/lstm-bayesian-optimization-pytorch

Bayesian Optimization implementation for text classifiction

Primary LanguagePythonMIT LicenseMIT

lstm-bayesian-optimization-pytorch

This is a simple application of LSTM to text classification task in Pytorch using Bayesian Optimization for hyperparameter tuning.

The dataset used is Yelp 2014 review data[1] which can be downloaded from here.

Detailed instructions are explained below.



Configurations

You can set various hyperparameters in src/constants.py file.

The description of each variable is as follows.

Note that for Bayesian Optmization, the hyperparameter to be tuned should be passed in a form of tuple.

So you can set an argument as a tuple or a certain value.

The former means that the argument will be included as the subject of Bayesian Optimization and the latter means that it should not be included.


Argument Type Description Default
device torch.device The device type. (CUDA or CPU) torch.device('cuda') if torch.cuda.is_available() else torch.device('cpu')
learning_rates tuple (float, float) or float The range of learning rates. (or a value) (0.0001, 0.001)
batch_sizes tuple (int, int) or int The range of batch sizes. (or a value) (16, 128)
seq_len tuple (int, int) or int The range of maximum sequence lengths. (or a value) 512
d_w tuple (int, int) or int The range of word embedding dimensions. (or a value) 256
d_h tuple (int, int) or int The range of hidden state dimensions in the LSTM. (or a value) 256
drop_out_rate tuple (float, float) or float The range of drop out rates. (or a value) 0.5
layer_num tuple (int, int) or int The range of LSTM layer numbers. (or a value) 3
bidirectional bool The flag which determines whether the LSTM is bidirectional or not.
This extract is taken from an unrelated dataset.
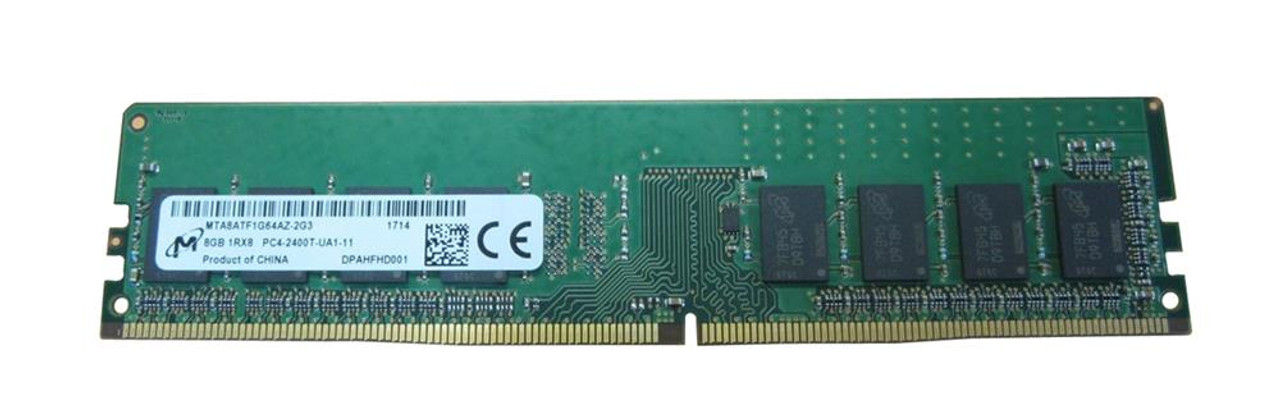 PE250119 Edge Memory 8GB PC4-19200 DDR4-2400MHz non-ECC Unbuffered CL17 288-Pin DIMM 1.2V Single Rank Memory Module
True
class_num int The number of classes. 5
epoch_num tuple (int, int) or int The range of total iteration numbers. (or a value) 10
ckpt_dir str The path for saved checkpoints. ../saved_model
init_points int The number of initial points to start Bayesian Optimization. 2
n_iter int The number of iterations for Bayesian Optimization. 8


How to run

  1. Install all required packages.

    pip install -r requirements.txt

  2. Download the dataset and extract it.

    Of course, you can use another text classification dataset but make sure that the formats/names of files are same as those of Yelp 2014 review dataset. (See the next step.)


  3. Make a directory named data.

    Get files named train.txt, text.txt, dev.txt and wordlist.txt from yelp14 and put them into data.

    The directory structure should be as follows.

    • data
      • train.txt
      • test.txt
      • dev.txt
      • wordlist.txt

  4. Execute below command to train the model.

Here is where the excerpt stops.